A bilingual sign at the entrance to the depot prohibited entry and we thought our chances of having a look round were minimal but a request to the manager received a favourable response and we were escorted round and allowed to take photographs.

Qianwei – Chengdu – Beijing – London

(13 – 14 Jan 2007)

After visiting Yuejin by road in the early morning gloom we returned to Chengdu by road, before flying back to Beijing on Air China flight CA 4111 that evening. After a night in Beijing, Air France took us back to the UK via Paris.


Although there are still a fair number of steam locomotives within easy reach of Chengdu, they don’t seem to do a lot. The tally of 17 SYs was more than expected but it would be difficult to justify a visit on the basis of seeing a few SYs sitting around waiting for their next duty in dull weather and unphotogenic surroundings. Two days of grubbing around looking for engines was OK but I wouldn't want to do a lot more.

Shibanxi was a different matter altogether. In spite of its inaccessibility and the dreadful weather in this part of Sichuan, this is a railway everybody should experience at least once. It’s every bit as good as previous reports indicate, with bags of character, beautiful scenery, friendly locals, plenty of photo locations and enough trains to keep you occupied. Although a lot of walking is required, it’s much easier than Huanan. There's much less need to rush to get to the spots and you can use the train for the longer journeys if you wish.

A train journey is a fabulous experience in itself with the 4-wheelers crashing and banging along, steel shutters rattling noisily in the window frames as the coach bucks and sways violently in spite of the generally excellent state of the track.
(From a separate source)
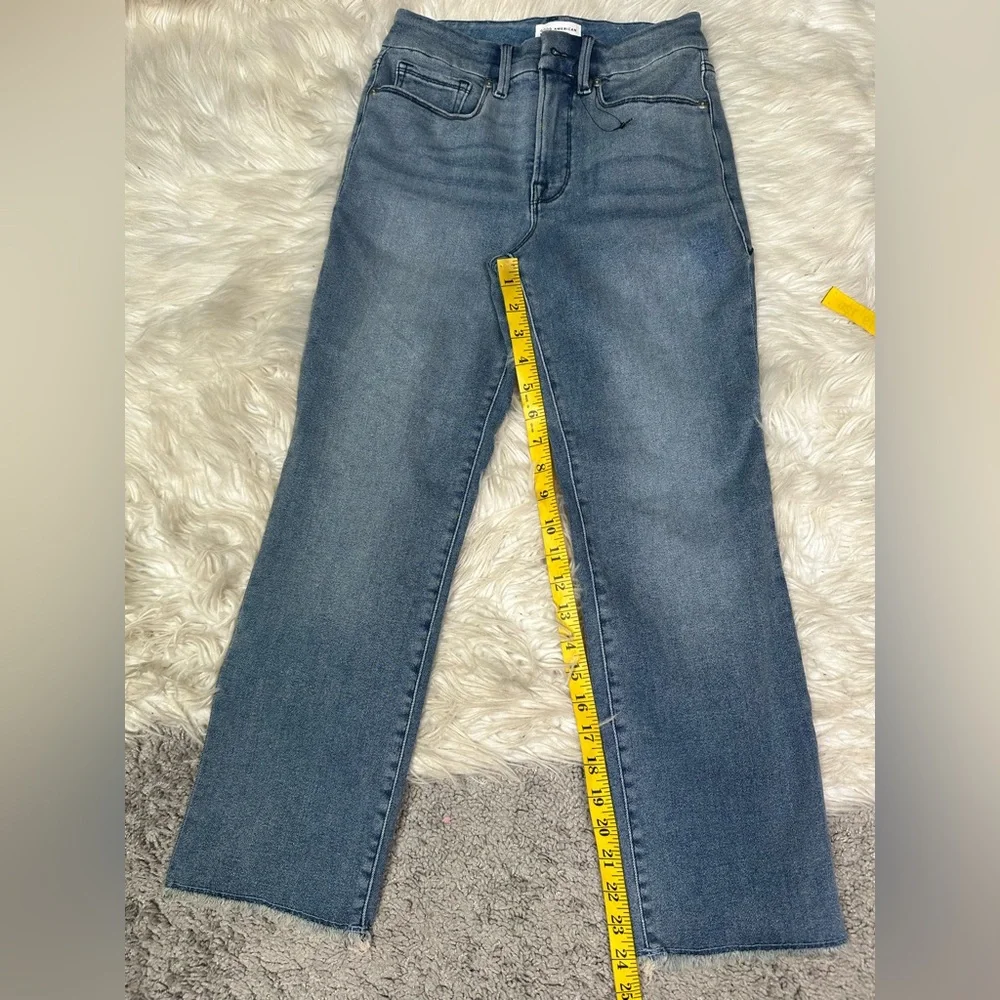 NWOT Good American x Anthropologie  Good Straight‎ High-Rise split pocket Jeans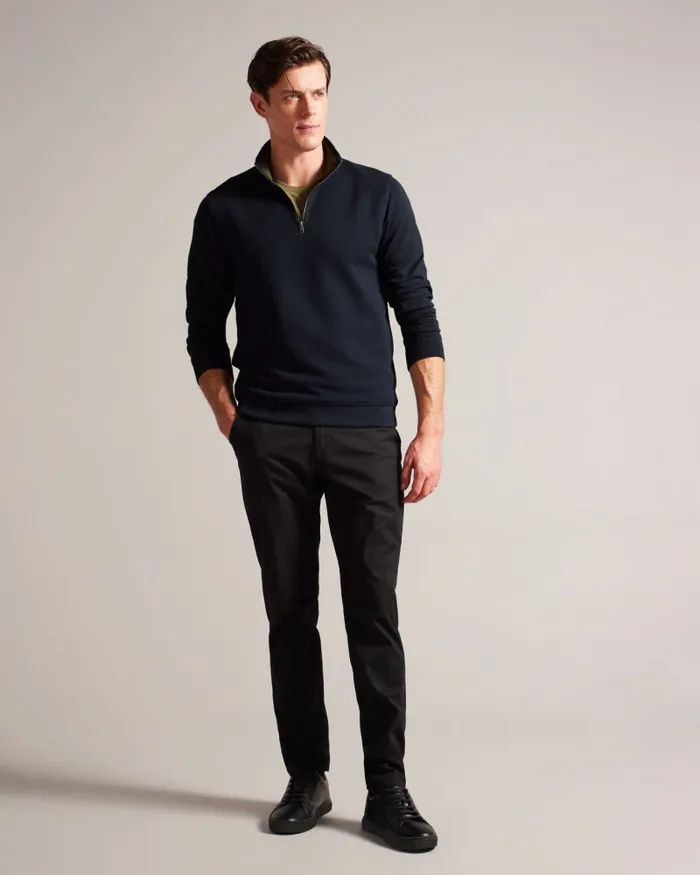 Men TOLTI 8211 Quilted Jersey Half Zip Jumper Navy Ted Baker Tops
With no glass in the way, the temptation to lean out of the window and take in the atmosphere is overwhelming. Outside, the green hills of Sichuan roll past, an ever changing vista of ramshakle villages, terraced fields, paddy fields, dense forests and bamboo stands. The smells of coal smoke, steam and hot oil drift back and blend with the fresh damp aromas of the forest to form a heady mixture. Above the racket, frequent blasts on the loco’s whistle and the rhythmic chatter of the exhaust can be heard, unless they're drowned out by the loud squealing of a rebellious pig in the next coach. It couldn't be more different from the sterile, air conditioned, double-glazed tedium of rail travel in much of the developed world. Long may it last!

Several people told us that the weather was usually best in March and October with more sunny days than at other times. This fits in with Ameling’s experience in October 2006 but contradicts what Rob was told about May being sunniest. It’s also worth bearing in mind that even in early January we lost the exhaust by midday on a cool, sunny, humid, day. What chance of getting anything out of the chimney in spring, summer or autumn? Take your pick, more chance of sun in spring or autumn, lower sun and more chance of exhaust in winter on the rare occasions the sky does clear. Whenever you choose, just go! You’ll enjoy one of the true railway wonders of the world.

Winter also seems to be a good time to avoid the tourist groups. We basically had the line to ourselves. There were two Japanese gricers around on the first two days but we only saw them on the morning train from Shixi. There were also a handful of local tourists but they weren’t a problem away from the major stations.

Many thanks to those who've published reports and maps detailing the line and its operation. These were invaluable for planning the trip and helping decide where to go during our visit. Keep up the good work.

Was it really worth going all that way for one day of sunshine? You bet it was! The whole experience was great fun, whether the sun was shining or not, and some of the wet weather photos didn’t turn out badly either.